Find the volume of a solid of revolution if a region bounded by $y=x$ and $y=x^3$ is revolved about the x-axis (for solution see PatrickJMT‘s video).

That could be 30 points and a typical bonus question will be

Find the volume of a solid whose base is a unit circle on the xy-plane and every cross-sectional slice (perpendicular to the x-axis) is a rhombus of interior angles 60 degree and 120 degree.

and that if answered correctly will be only worth 10 or 15 points with no partial credit for partially correct answers.  Every semester, students who are very strong in Mathematics still got drawn towards these questions and spend a lot of time answering it to my satisfaction.  Sometimes, it’s not all that difficult, it’s just the vocabulary that they had seen before but seldom used and forgot like “rhombi” (instead of rhombuses), “quadrilateral”, “isosceles”, “orthogonal”, “heptagon”, “octagon” and “frustum”.  I usually get lots of surprises and funny answers.  Many think octagon has 10 sides because of October!

Why vocab?  Because I have kids in my class who thought “washer” in the Washer Method in Calculus 2 is referring to a Washing Machine!

But sometimes, when I feel like doing something funky, I’ll ask them

What’s the name of that capital city in Asia that has exactly three words? (I got a lot of studetns putting Ho Chi Minh City as answer to this one.)

Or like today, where tomorrow is Groundhog Day,

Spell the name of the city in our state that’s famous for Groundhog Day.  What is the name of that groundhog?

Other ones I’ve tried in class are:

• When was Issac Newton born?
• Which famous scientist died in the year Newton was born?
• Which is bigger 2^2^2^2 or 3^3^3?  Explain.
• Which mathematician won the Nobel Prize?

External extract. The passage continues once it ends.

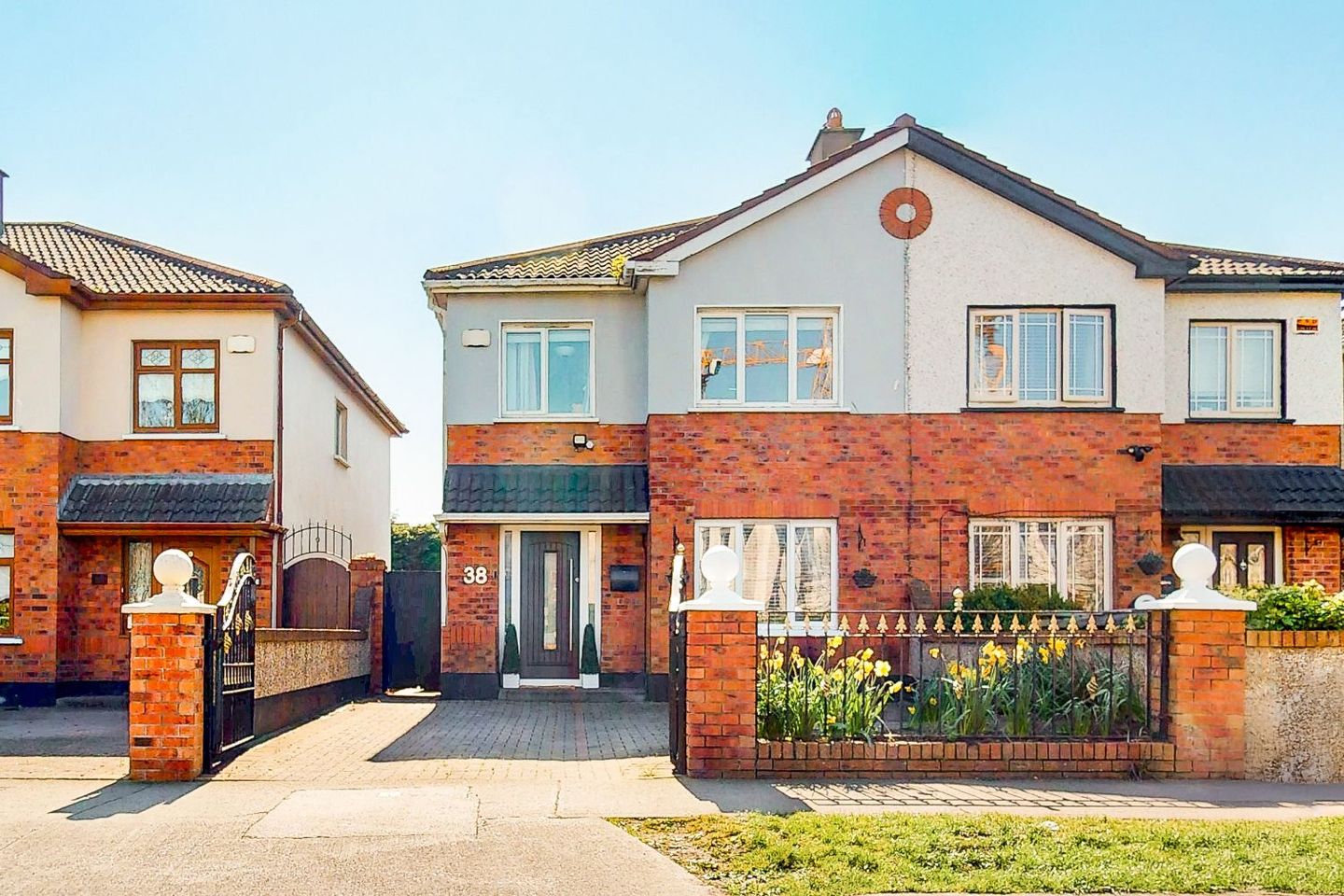 38 Elmfield Lawn, Clarehall, Dublin 13, D13N2A0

The first ones is a little tricky because Newton was born in both Xmas 1642 and Jan 1643, because England was torn between using the Julian calendar and Gregorian calendar.  The last one has multiple answers too, because Dirac (who won the Nobel Prize in Physics in 1933) could be considered a mathematician, like many other Physicists.  And Nash won the Nobel Prize in Economics but many Econ Nobel Laureates after him could be argued as mathematicians, considering the kind of Math they used in Economics now.  Today, many Econ graduate students take classes in Topology in their first year.